Joseph Green On the evening of December 8, 1992, Judy Miscally, the editor of the society page of the Bradford County Telegraph, was shot during a robbery in a phone booth outside a convenience store in Starke, Florida.
Before she died, Miscally said a skinny black man shot her, and that he ran behind a dumpster near the nearby Starke Motor Court.
Thirty-six-year-old Joseph Nahume Green, Jr., an African American with a history of numerous convictions, including second-degree murder, was living in room 2 at the motel.

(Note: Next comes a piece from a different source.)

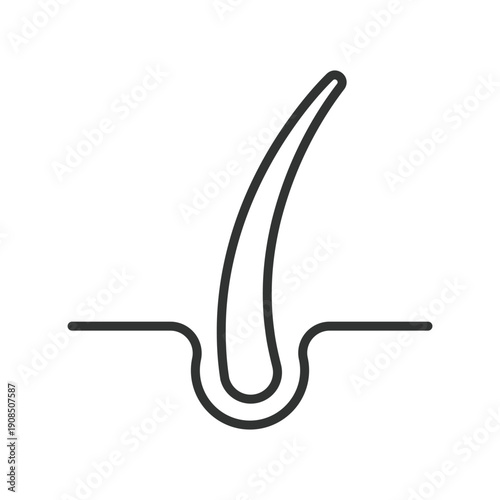 Hair follicle icon in line design. skin and hair structure on white background vector. follicle editable stroke icon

Although one witness said she thought three men were involved in the robbery, the Starke Police Department focused on Green after they interviewed Lonnie Thompson, a man with an IQ of 67 who had consumed eight 16-ounce beers prior to the shooting.
Thompson said he was standing more than 250 feet away, across a five-lane highway in front of the store, when he saw a gunman shoot the victim after a struggle.

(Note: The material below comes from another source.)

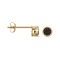 9ct Yellow Rub-over Set Sapphire Stud Earrings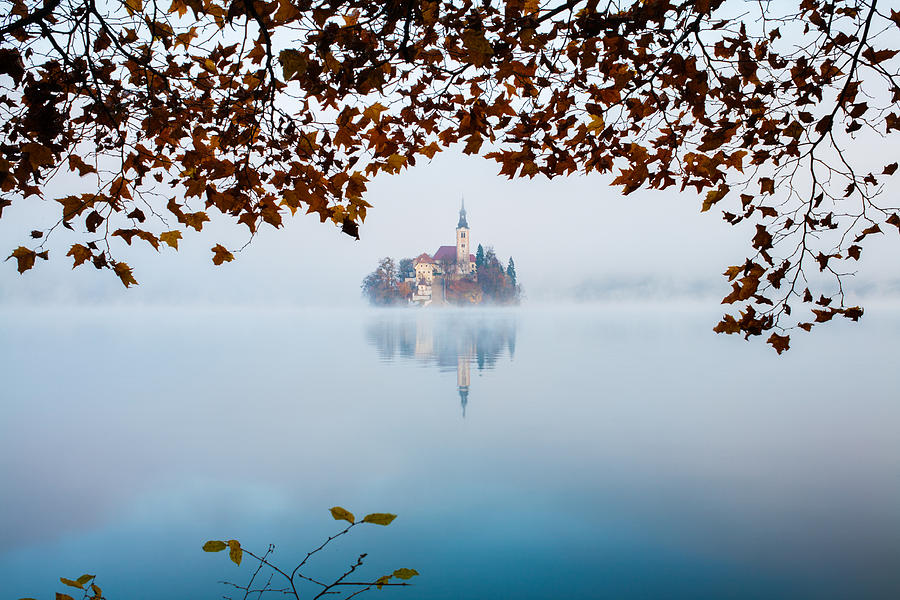 Tree Photograph - Autumn Mist over Lake Bled by Ian Middleton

At first, Thompson said he thought the killer was a white man, but three hours later Thompson told a Bradford County sheriff's deputy that the killer was Green.
Although there was no physical evidence linking Green to the crime, he was convicted by a jury and sentenced to death in October 1993, based on Thompson’s testimony and evidence that he was in the vicinity and could have committed the murder.

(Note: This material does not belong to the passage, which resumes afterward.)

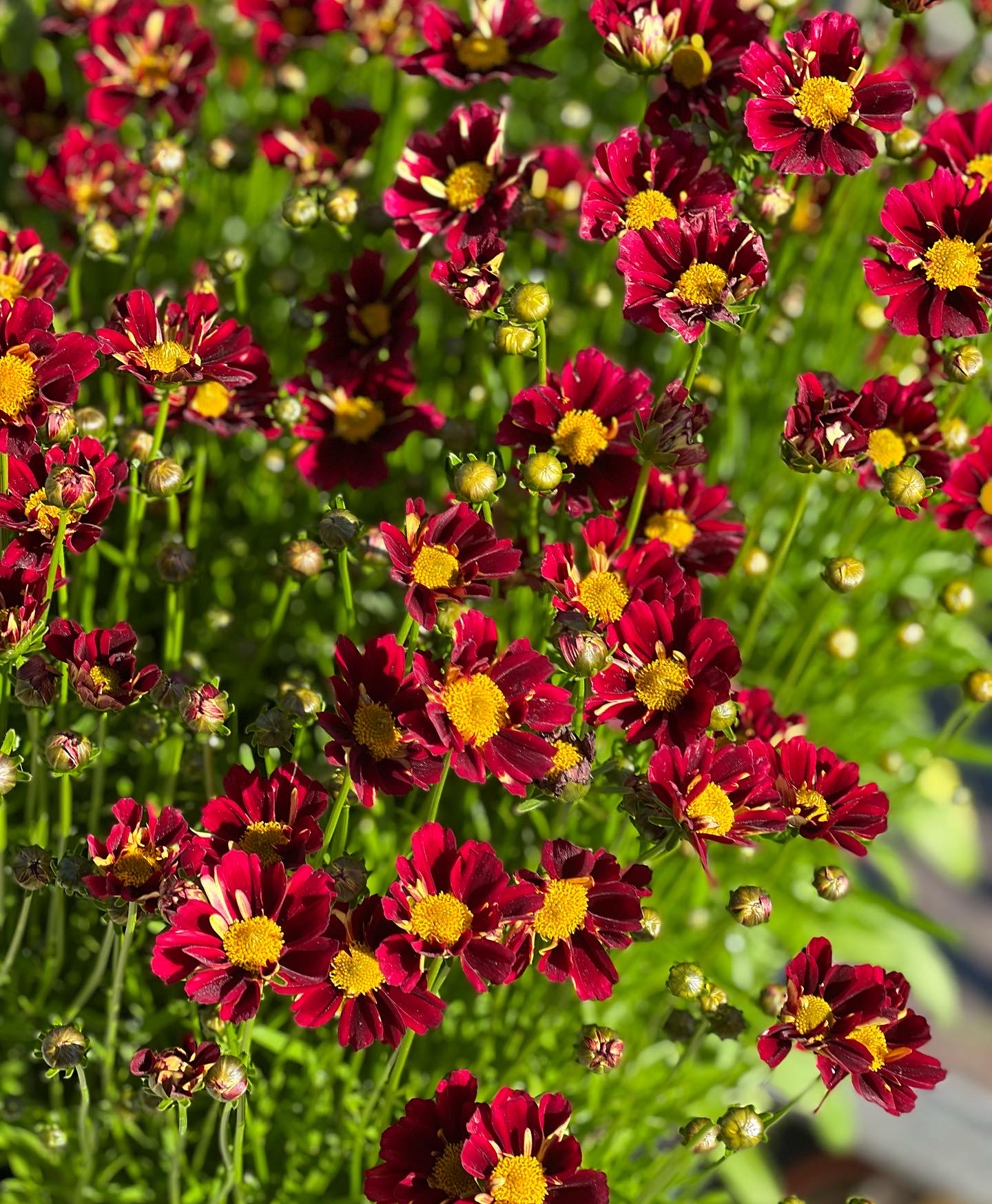 Coreopsis Lil Bang Red Elf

On November 27, 1996, the Supreme Court of Florida ordered a new trial for Green, ruling that Green’s clothes had been seized from his room at the motel based on an overly-broad warrant, and that the prosecution had improperly cross-examined a defense witness at trial.
In June 1998, Circuit Judge Robert P. Cates, who had originally sentenced Green to die, held a hearing to determine whether Thompson was competent to testify given his low IQ, a history of head injuries, and substantial alcohol consumption at the time of the crime. At the hearing Thompson said he agreed to name Green after a sheriff’s deputy insisted that Green was the shooter. Judge Cates barred Thompson from testifying, saying he was an unreliable witness.
Green was released from custody in July 1999 to await a new trial.
Ultimately, the original trial transcript minus Thompson’s testimony was submitted to Cates, who acquitted Green on March 16, 2000, saying there was no evidence tying Green to the murder.
Green later filed a civil wrongful conviction suit that was settled in December 2001 for an undisclosed amount. As part of the lawsuit, Thompson provided a sworn affidavit in which he said he was trying to stay out of trouble with police by identifying Green.
“Once they got me to say it was Joseph Green who shot Miss Miscally, I believed if I said anything else that I would be in bad trouble with the law," Thompson said in the affidavit.